The backdrop: Toshiba, for decades one of Japan’s leading brands and a global technology trendsetter, is currently sustaining huge losses in its nuclear department. The company has since sold parts of its operation to stay in business. In late September, Toshiba agreed to sell 60 percent of its microchip unit to a group of foreign investors that includes Apple and Bain Capital.
China is also keen to control a slice of Toshiba’s business but has thus far been blocked from making bids. Meanwhile, headhunters from Chinese companies have been gathering outside Toshiba’s Yokkaichi memory chip plant to recruit its tech workers, according to Japanese media.
China has had success in gradually buying up parts of other once successful Japanese electronics conglomerates:
- In July 2011, Haier Group Corporation signed a merger and acquisition memorandum with Sanyo Electric Co. Ltd. That October, both companies signed a merger agreement for Haier to acquire Sanyo’s home appliances division in Japan, Vietnam, Indonesia, the Philippines, and Malaysia.
- In 2015, Sichuan Changhong Electric Co., Ltd. acquired Sanyo Television, a subsidiary of Panasonic. Changhong also gained exclusive use of the Sanyo brand in mainland China, and took over the development, production, sales, and servicing of Sanyo televisions.
- In July 2016, Lenovo acquired a 90 percent stake in a Lenovo-NEC holding company for approximately 1.3 billion yuan ($196 million).
- This November, Lenovo acquired a 51 percent stake in Fujitsu’s PC business for at least $157 million.
Our take: While China’s electronics industry still lags far behind Japan in terms of manufacturing high-end technology, its middle and low-end electronics industry has a supply chain infrastructure that has no competition in the world. Having a cost advantage allows China to establish market monopoly, and Japan’s electronics industry increasingly cannot compete. Things look bleaker for Japan in considering that China made the development of its semiconductor industry a national project, and has allocated very generous funding to recruit and train tech personnel.

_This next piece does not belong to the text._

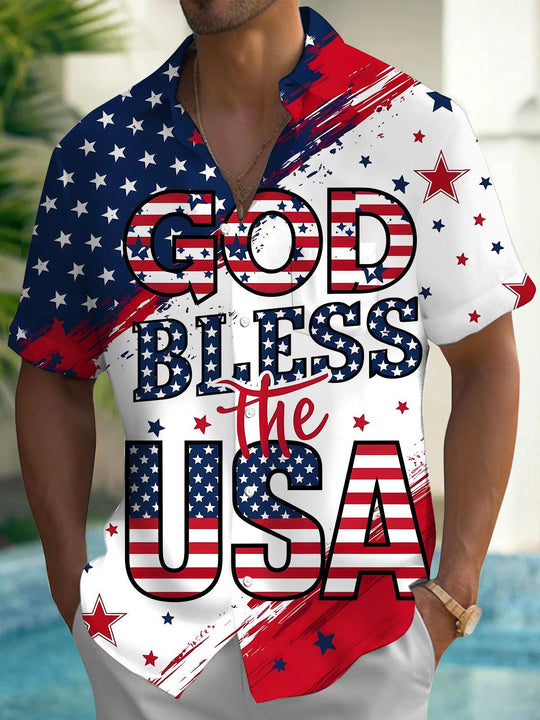 Men's American flag print short sleeve shirt front view for Independence Day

With the pace of technological change ever increasing, China will take lesser and lesser time to break into and master the manufacture of advanced technologies. And with China already having the middle to low-end technology market advantage, it will be only a matter of time before China leads the world in electronics. If China becomes a global electronics leader and the Chinese Communist Party is still in charge, then the world will be in grave danger from communist subversion.